▶ _Task objective_:
Word for word, restate the lines of the listing below from the line with "Camera is pulling" through the line with "This handmade necklace", and do not include the pictures.

▶ _Provided data_:

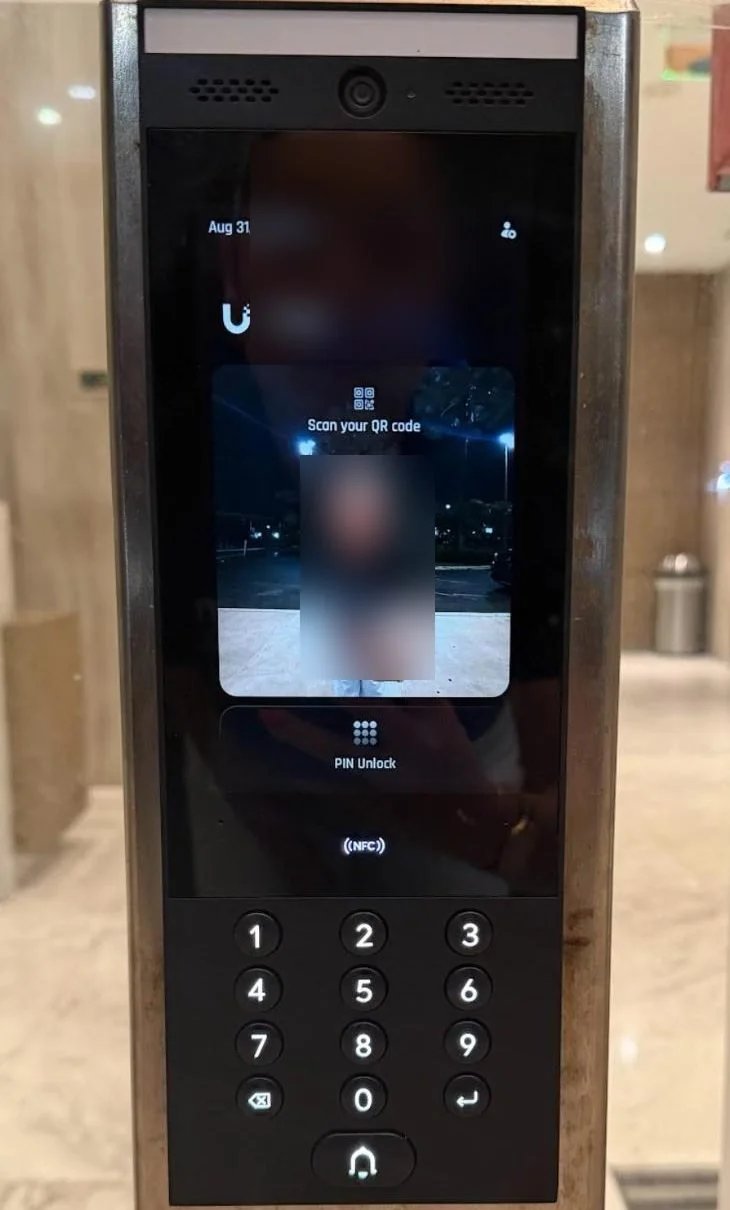 Touchscreen video intercom showing QR code, PIN and NFC entry options above a keypad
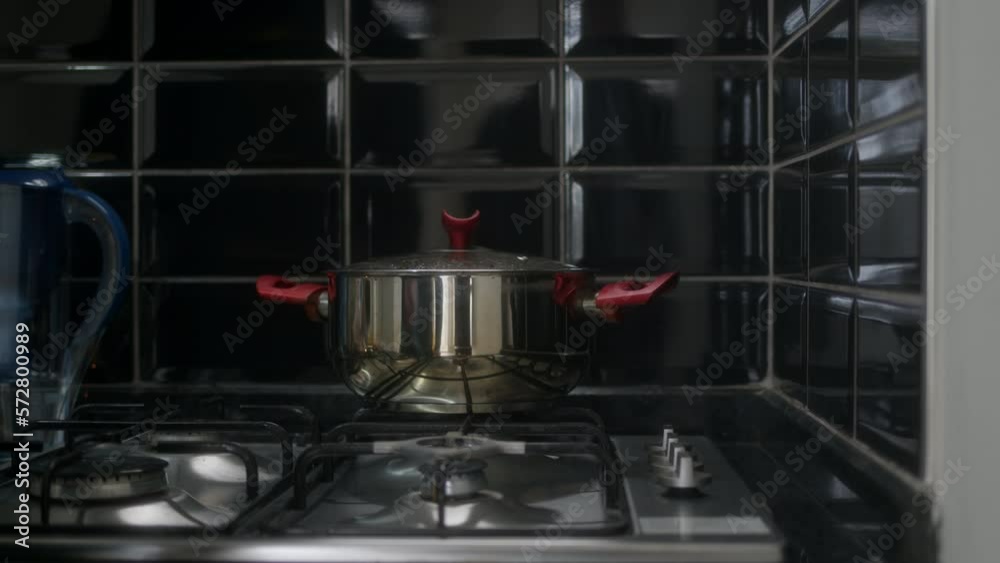 hand of man in gray sweater put pot of food on gas stove to heat soup. lonely man heats up his own food for lunch. Preparation for cooking on gas burner. hand of man in gray sweater put pot of food on gas stove to heat soup. lonely man heats up his own food for lunch. Preparation for cooking on gas burner.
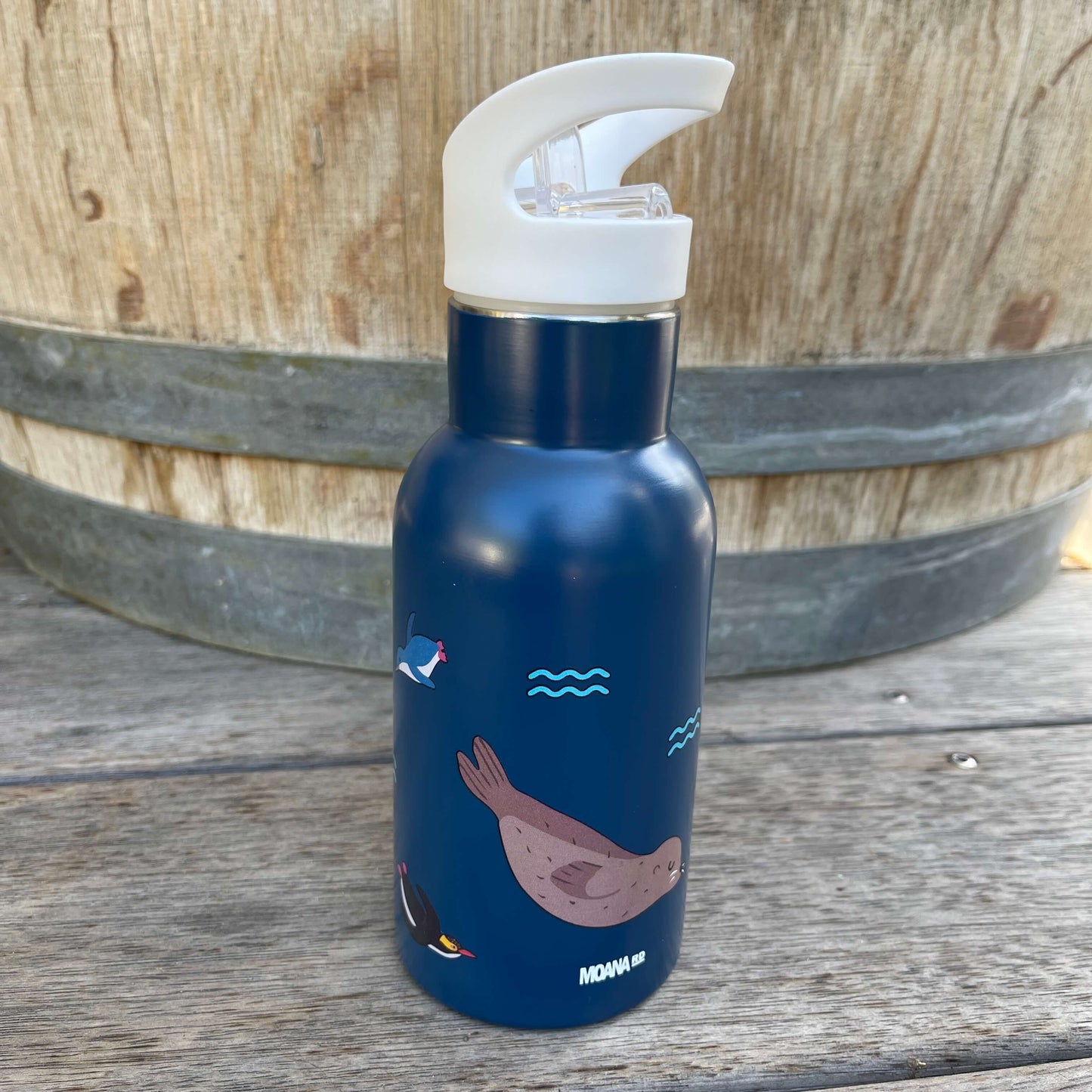 Small kids drink bottle with a sipper top in dark blue with New Zealand marine life on it.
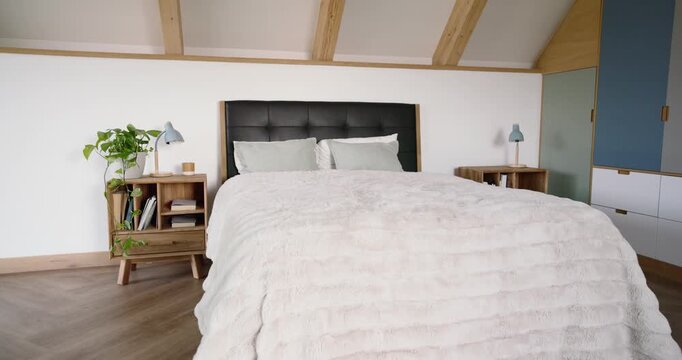 Camera is pulling back from bed, rising and revealing headboard and lamps to showcase loft bedroom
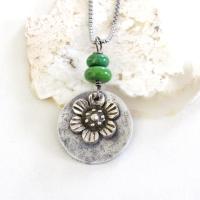 This handmade necklace features a silver tone pewter flower charm framed against an aluminum circle accented with a stack of natural green serpentine gemstones. It comes on a 20" stainless steel chain necklace with lobster claw closure. It'll make a great gift for anyone that loves flowers or nature.
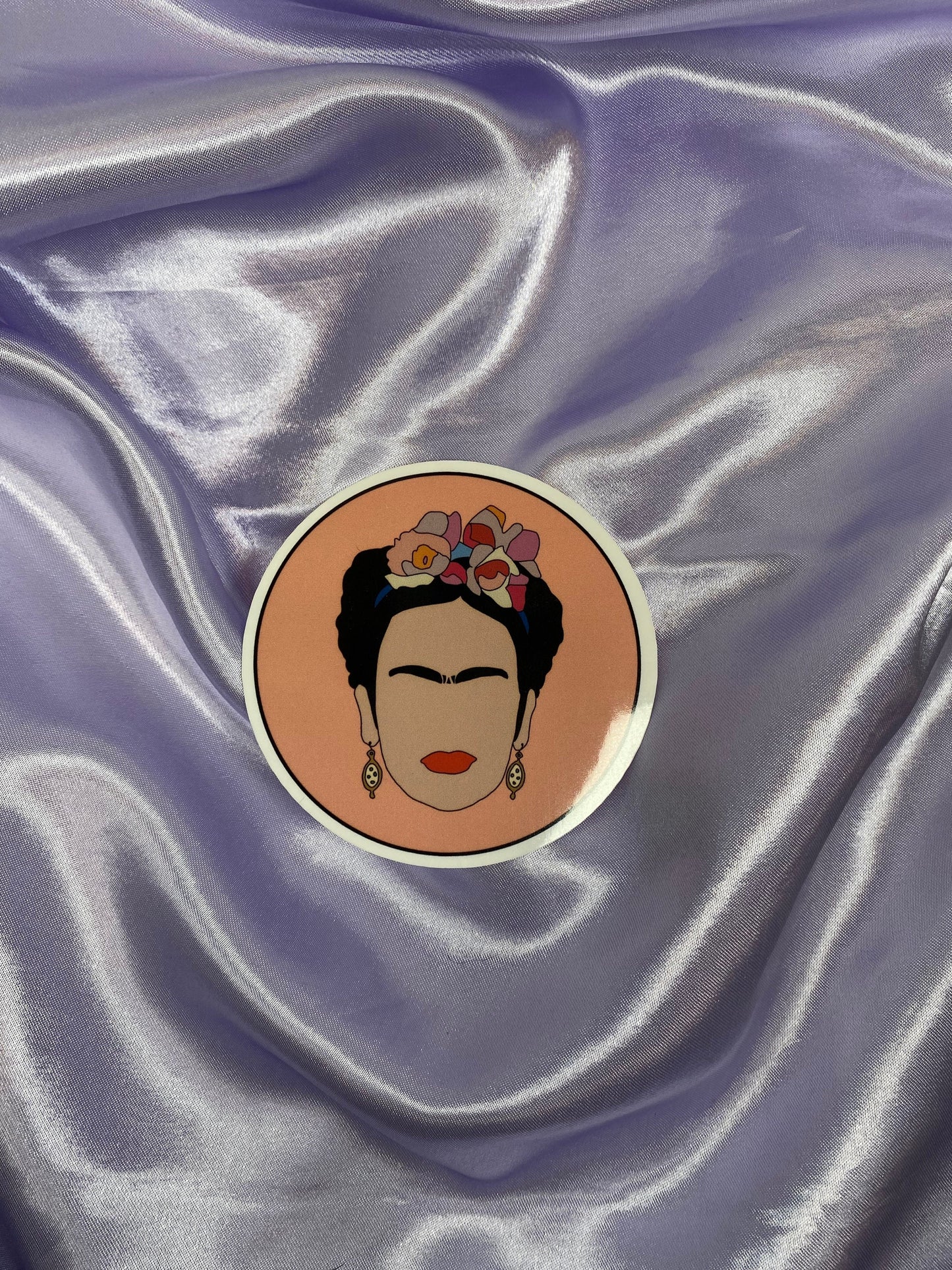 Circular sticker of a stylized portrait of Frida Kahlo on a textured purple fabric background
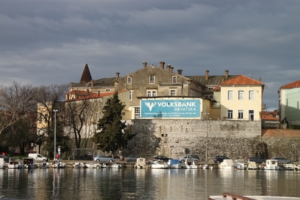 View of walls surrounding Zadar’s Old Town — and a very current advertiser’s billboard. The natural harbor between the Zadar peninsula and mainland Zadar is in the foreground.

▶ _Response area_:
 Camera is pulling back from bed, rising and revealing headboard and lamps to showcase loft bedroom
 This handmade necklace features a silver tone pewter flower charm framed against an aluminum circle accented with a stack of natural green serpentine gemstones. It comes on a 20" stainless steel chain necklace with lobster claw closure. It'll make a great gift for anyone that loves flowers or nature.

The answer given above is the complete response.